By then, other researchers had started studying similarities between vision and language model representations. Huh conducted his own experiment, in which he tested a set of five vision models and 11 language models of varying sizes on a dataset of captioned pictures from Wikipedia. He would feed the pictures into the vision models and the captions into the language models, and then compare clusters of vectors in the two types. He observed a steady increase in representational similarity as models became more powerful. It was exactly what the Platonic representation hypothesis predicted.
Find the Universals
Of course, it’s never so simple. Measurements of representational similarity invariably involve a host of experimental choices that can affect the outcome. Which layers do you look at in each network? Once you have a cluster of vectors from each model, which of the many mathematical methods do you use to compare them? And which representations do you measure in the first place?
“If you only test one dataset, you don’t necessarily know how [the result] generalizes,” said Christopher Wolfram, a researcher at the University of Chicago who has studied representational similarity in language models. “Who knows what would happen if you did some weirder dataset?”
Isola acknowledged that the issue is far from settled. It’s not a question that any one paper can resolve: In principle, you can measure models’ representations of any picture or any sentence. To him, cases where models do exhibit convergence are more compelling than cases where they may not.
Alexei Efros argues that the differences between AI models reveal more than the similarities.
Peter DaSilva for Quanta Magazine
“The endeavor of science is to find the universals,” Isola said. “We could study the ways in which models are different or disagree, but that somehow has less explanatory power than identifying the commonalities.”
Other researchers argue that it’s more productive to focus on where models’ representations differ. Among them is Alexei Efros, a researcher at the University of California, Berkeley, who has been an adviser to three of the four members of the MIT team.
“They’re all good friends and they’re all very, very smart people,” Efros said. “I think they’re wrong, but that’s what science is about.”
Efros noted that in the Wikipedia dataset that Huh used, the images and text contained very similar information by design. But most data we encounter in the world has features that resist translation. “There is a reason why you go to an art museum instead of just reading the catalog,” he said.

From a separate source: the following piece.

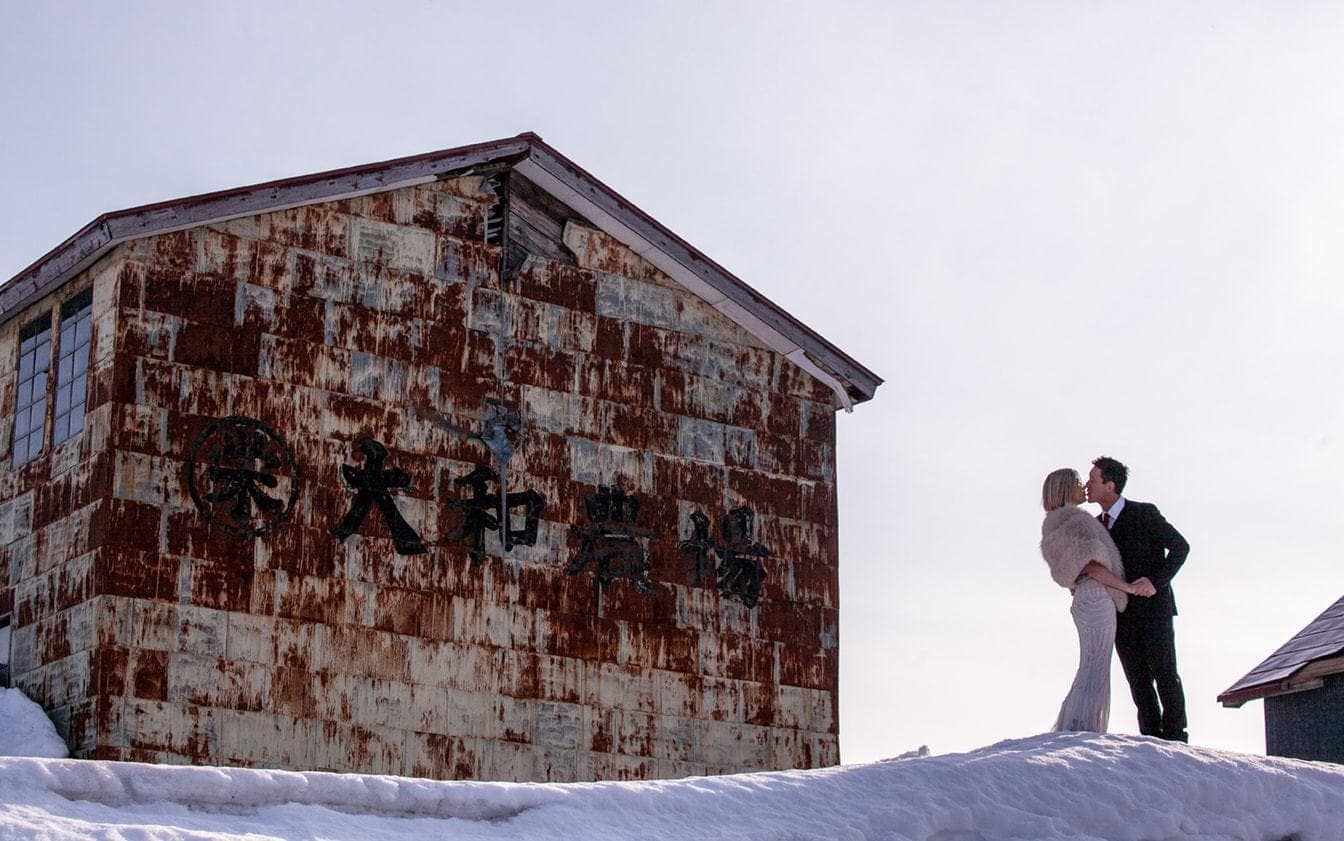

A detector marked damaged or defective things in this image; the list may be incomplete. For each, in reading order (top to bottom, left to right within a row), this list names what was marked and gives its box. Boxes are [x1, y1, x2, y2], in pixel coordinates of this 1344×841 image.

rusty corrugated building [0, 133, 880, 780] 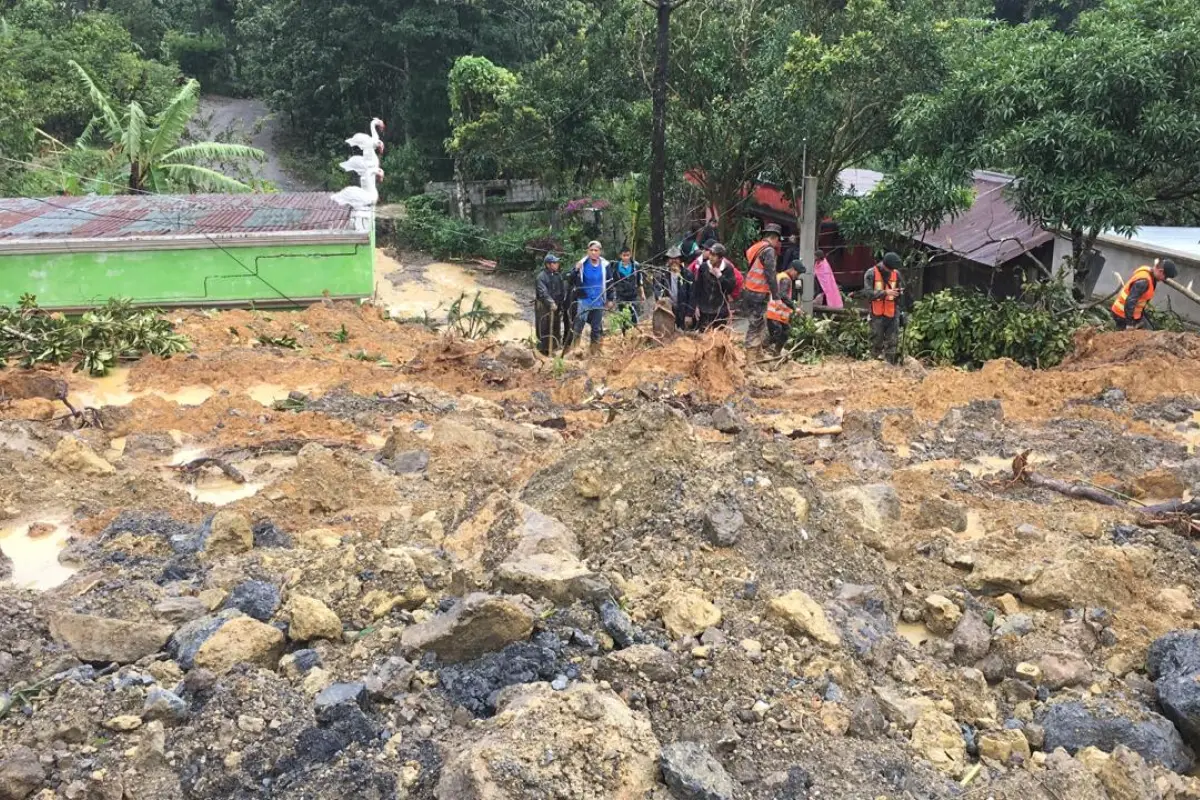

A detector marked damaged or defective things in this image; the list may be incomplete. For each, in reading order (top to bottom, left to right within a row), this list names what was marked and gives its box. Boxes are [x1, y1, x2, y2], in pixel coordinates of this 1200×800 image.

rusty metal roof [0, 193, 352, 241]
rusty metal roof [916, 170, 1051, 267]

Any intrinsic sameness across models doesn’t have to be perfect to be useful. Last summer, researchers devised a method to translate internal representations of sentences from one language model to another. And if language and vision model representations are to some extent interchangeable, that could lead to new ways to train models that learn from both data types. Isola and others explored one such training scheme in a recent paper.
Despite these promising developments, other researchers think it’s unlikely that any single theory will fully capture the behavior of modern AI models.
“You can’t reduce a trillion-parameter system to simple explanations,” said Jeff Clune, an AI researcher at the University of British Columbia. “The answers are going to be complicated.”